**THE DATA**
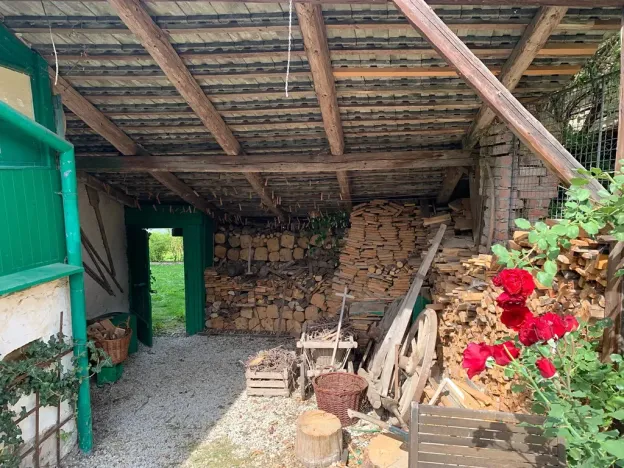Prodej rodinného domu, Lnáře, 100 m2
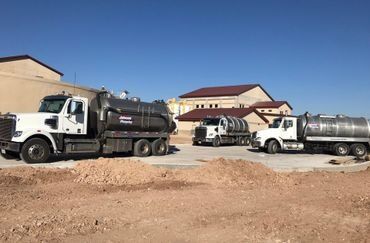 New York, Automotive, Septic Waste Removal Lubbock Tx | Johnsonpumping.com
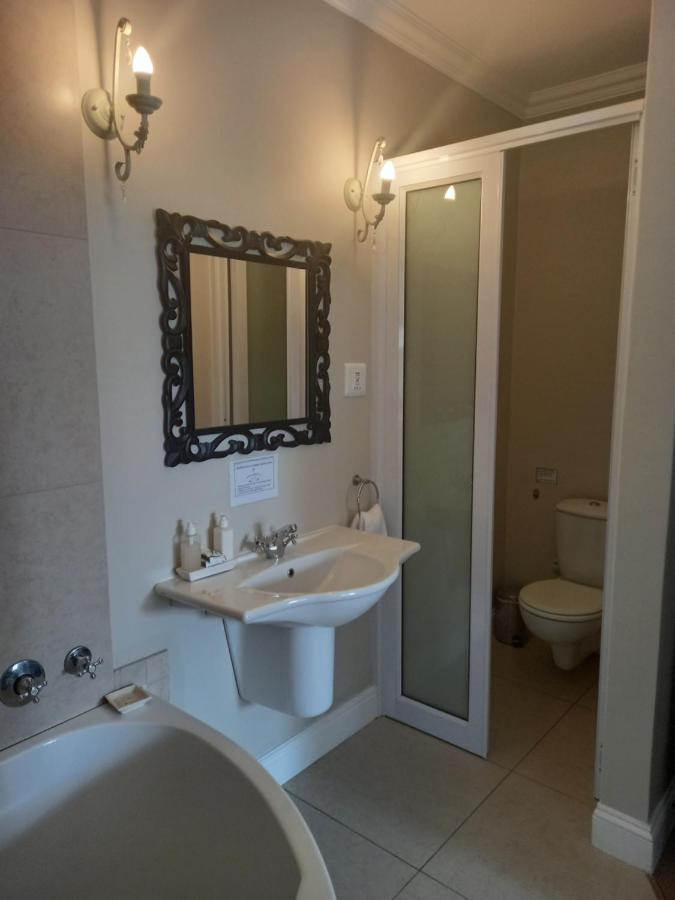 La Pension Guest House เอาท์สโฮร์น ภายนอก รูปภาพ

**TASK REQUIREMENTS**
The lines above should be transcribed exactly, with every image removed.

**ANSWER TO THIS TASK**
Prodej rodinného domu, Lnáře, 100 m2
 New York, Automotive, Septic Waste Removal Lubbock Tx | Johnsonpumping.com
 La Pension Guest House เอาท์สโฮร์น ภายนอก รูปภาพ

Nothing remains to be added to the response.